I have written 2 Brainfuck interpreters, one in C++, then another in C++ with Assembly inner loop. My interpreter code can be found here (C++/ASM, requires MSVC and MASM) and here (C++).
Both are benchmarked using the mandelbrot BF program, run 20 times. After trying for a while, I managed to make the Asm version about 10% faster than the C++ version, but I'm wondering if it can be made even faster. The main bottlenecks appears to be branch mispredictions and uOps cache. The benchmark ran on SkylakeX CPU.

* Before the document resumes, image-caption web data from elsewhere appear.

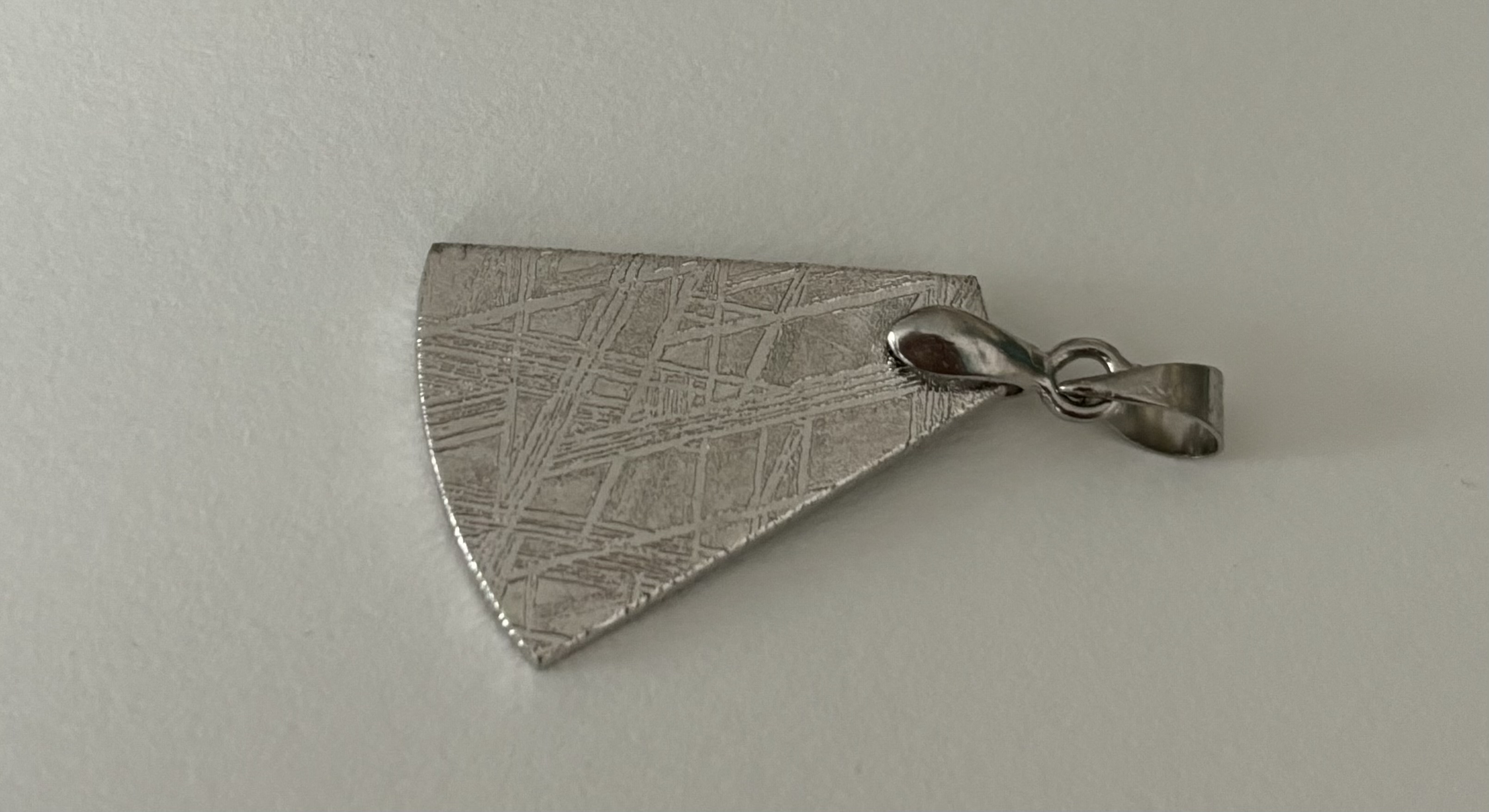 鉄隕石 』「ウィドマンシュテッテン構造」で知られる鉄とニッケルの隕石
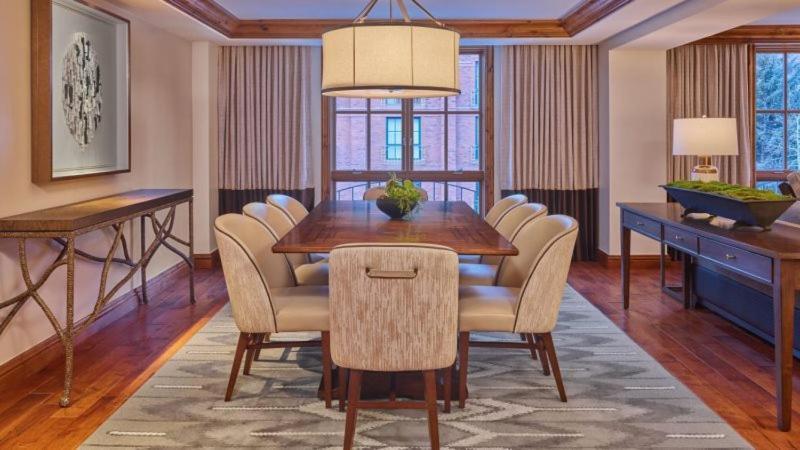 St Regis Club 3 Bedroom Apartment *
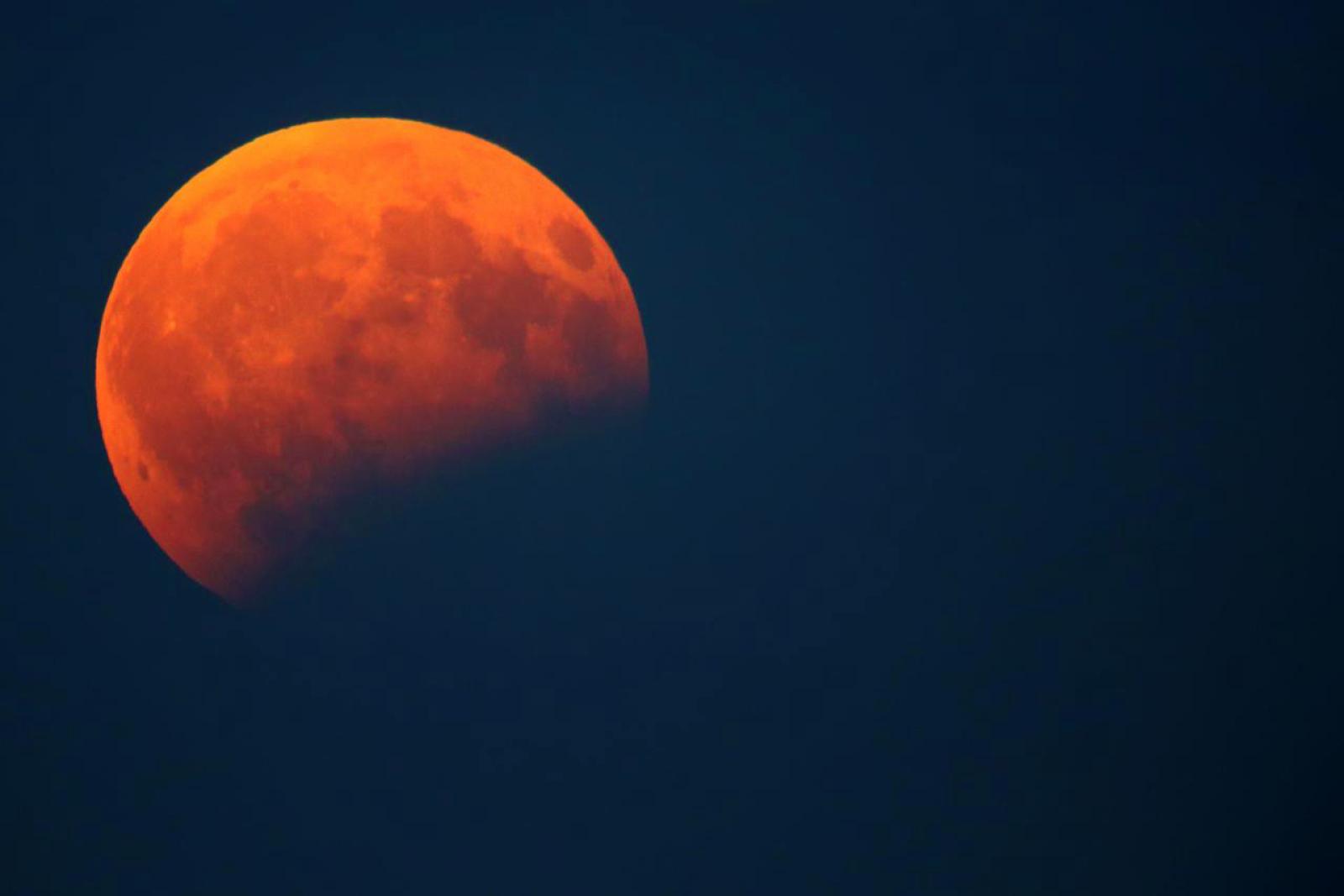 &Egrave; la notte dell'eclissi di luna da record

The inner loop looks like this:
interpret proc C
.code
push rbx ; these are callee saved ?
push rsi
push rdi
push rbp
push r12
push r13
push r14
push r15
sub rsp, 32 ; shadow space?
xor rsi, rsi ; "program counter", which instruction we are at
mov rdi, r8 ; "memory pointer", where we are pointing to in the interpreter memory
xor r14, r14 ; store the value of current mem cell, which of course starts at 0
lea r15, [jumptable] ; load the address of the table
mov r13, rcx ; base address of instruction array
lbl_interp_loop: ; beginning of new interpreter cycle
movzx r10, word ptr [r13 + rsi*4]
movzx r11, word ptr [r13 + rsi*4 + 2]
inc rsi ; advance to the next instruction
jmp qword ptr [r15 + r10 * 8]
ALIGN 4
lbl_Loop:
cmp byte ptr [rdi], 0
jne lbl_set_loop_ip
add rsi, r11
lbl_set_loop_ip:
movzx r10, word ptr [r13 + rsi*4]
movzx r11, word ptr [r13 + rsi*4 + 2]
inc rsi ; advance to the next instruction
jmp qword ptr [r15 + r10 * 8]
ALIGN 4
lbl_Return:
cmp byte ptr [rdi], 0
jne lbl_set_return_ip
movzx r10, word ptr [r13 + rsi*4]
movzx r11, word ptr [r13 + rsi*4 + 2]
inc rsi ; advance to the next instruction
jmp qword ptr [r15 + r10 * 8]
lbl_set_return_ip:
sub rsi, r11
movzx r10, word ptr [r13 + rsi*4]
movzx r11, word ptr [r13 + rsi*4 + 2]
inc rsi ; advance to the next instruction
jmp qword ptr [r15 + r10 * 8]
ALIGN 4
lbl_Right:
add rdi, r11
movzx r10, word ptr [r13 + rsi*4]
movzx r11, word ptr [r13 + rsi*4 + 2]
inc rsi ; advance to the next instruction
jmp qword ptr [r15 + r10 * 8]
ALIGN 4
lbl_Left:
sub rdi, r11
movzx r10, word ptr [r13 + rsi*4]
movzx r11, word ptr [r13 + rsi*4 + 2]
inc rsi ; advance to the next instruction
jmp qword ptr [r15 + r10 * 8]
ALIGN 4
lbl_Add:
add byte ptr [rdi], r11b
movzx r10, word ptr [r13 + rsi*4]
movzx r11, word ptr [r13 + rsi*4 + 2]
inc rsi ; advance to the next instruction
jmp qword ptr [r15 + r10 * 8]
ALIGN 4
lbl_Minus:
sub byte ptr [rdi], r11b
movzx r10, word ptr [r13 + rsi*4]
movzx r11, word ptr [r13 + rsi*4 + 2]
inc rsi ; advance to the next instruction
jmp qword ptr [r15 + r10 * 8]
lbl_Print:
movzx rcx, byte ptr [rdi]
call printChar
jmp lbl_interp_loop
lbl_Read:
jmp lbl_interp_loop
lbl_Invalid:
jmp lbl_interp_loop
jumptable: ; MASM cannot emit relative address in .data, so must put it in .code this way (agner)
dq lbl_Loop
dq lbl_Return
dq lbl_Right
dq lbl_Left
dq lbl_Add
dq lbl_Minus
dq lbl_Print
dq lbl_Read
dq lbl_Invalid
dq lbl_End
lbl_End:
add rsp, 32
pop r15
pop r14
pop r13
pop r12
pop rbp
pop rdi
pop rsi
pop rbx
ret
interpret endp
end
Here is the report from V-Tune:
- Before this inner loop begins, the interpreter does a couple of simple transformation on the BF source, turning it into instructions that consist of a 2 byte opcode and 2 byte operand. Repeated instructions are collapsed into 1 instructions and the number of repeats is stored in the operand. Loop/Repeat instructions contain the index of the destination instruction it jumps to.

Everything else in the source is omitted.